WHAT TO DO ::
Look for the line that has "Dump in? Yep." in the material below; please repeat it and every line after it, exactly, up to and including the line that has "When you smoke", and nothing else.

DATA EXTRACT ::

---*---

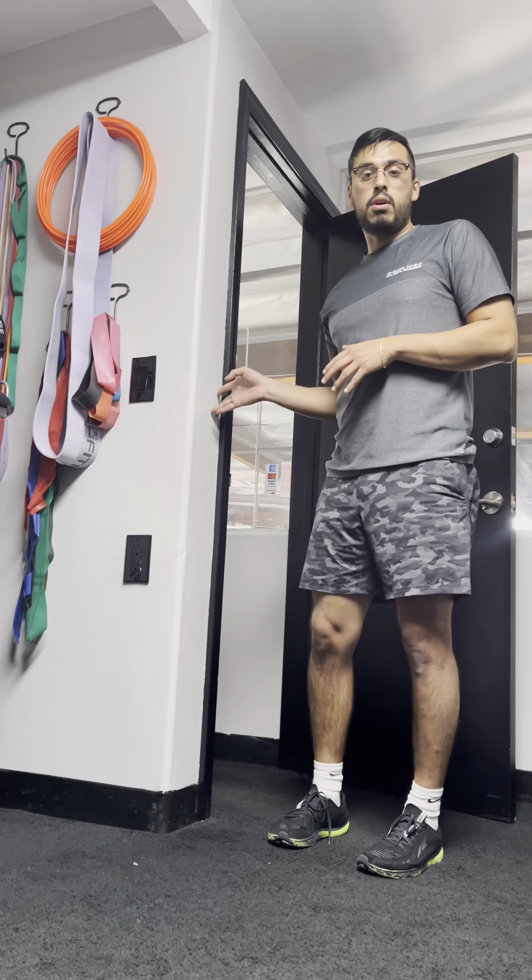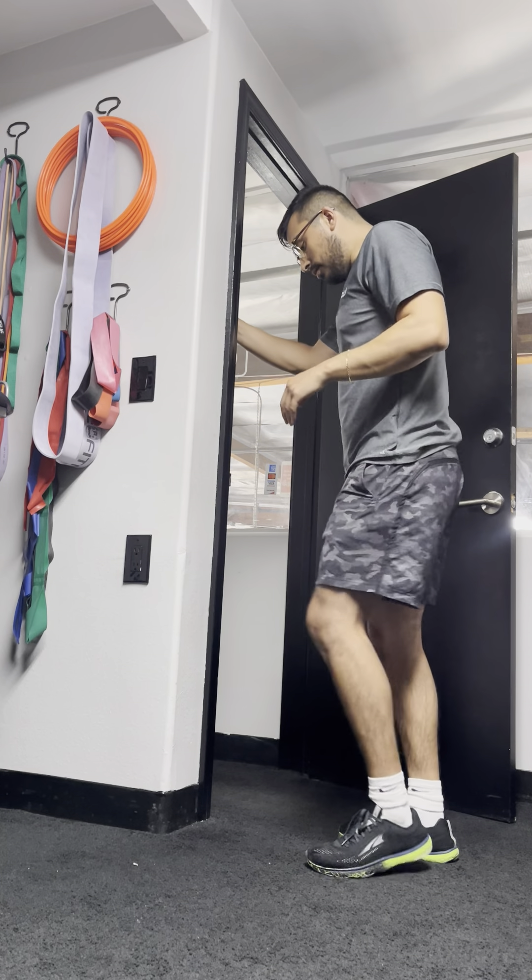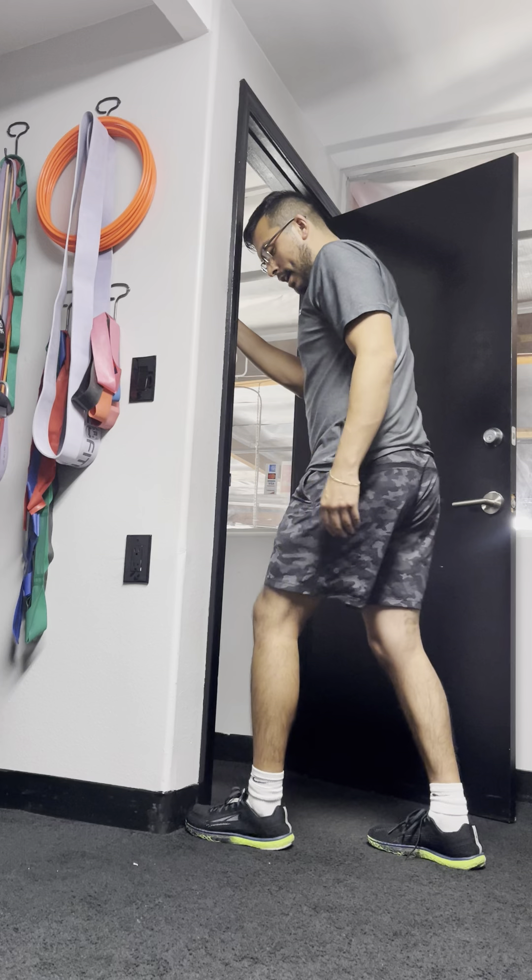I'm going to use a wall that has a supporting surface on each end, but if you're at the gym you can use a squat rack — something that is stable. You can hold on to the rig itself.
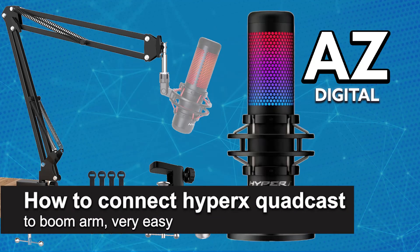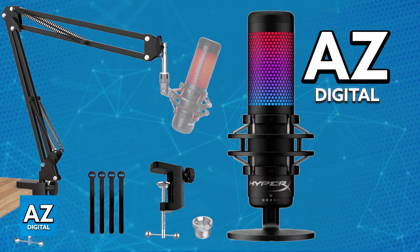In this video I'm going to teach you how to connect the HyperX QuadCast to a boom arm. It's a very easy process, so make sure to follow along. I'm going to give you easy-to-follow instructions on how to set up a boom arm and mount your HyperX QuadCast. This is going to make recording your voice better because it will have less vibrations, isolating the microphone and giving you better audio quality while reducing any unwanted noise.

---*---

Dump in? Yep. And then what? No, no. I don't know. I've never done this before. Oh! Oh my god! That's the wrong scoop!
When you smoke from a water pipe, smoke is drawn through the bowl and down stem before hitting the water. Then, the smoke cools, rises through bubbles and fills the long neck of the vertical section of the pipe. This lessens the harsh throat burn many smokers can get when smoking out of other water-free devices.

---*---

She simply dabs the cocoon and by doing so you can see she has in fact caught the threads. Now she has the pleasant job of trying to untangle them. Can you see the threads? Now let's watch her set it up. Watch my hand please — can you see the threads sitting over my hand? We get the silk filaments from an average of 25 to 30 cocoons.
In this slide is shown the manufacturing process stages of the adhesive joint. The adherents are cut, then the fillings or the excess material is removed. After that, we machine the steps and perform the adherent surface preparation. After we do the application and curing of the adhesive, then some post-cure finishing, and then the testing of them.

---*---

WRITTEN ANSWER ::
Dump in? Yep. And then what? No, no. I don't know. I've never done this before. Oh! Oh my god! That's the wrong scoop!
When you smoke from a water pipe, smoke is drawn through the bowl and down stem before hitting the water. Then, the smoke cools, rises through bubbles and fills the long neck of the vertical section of the pipe. This lessens the harsh throat burn many smokers can get when smoking out of other water-free devices.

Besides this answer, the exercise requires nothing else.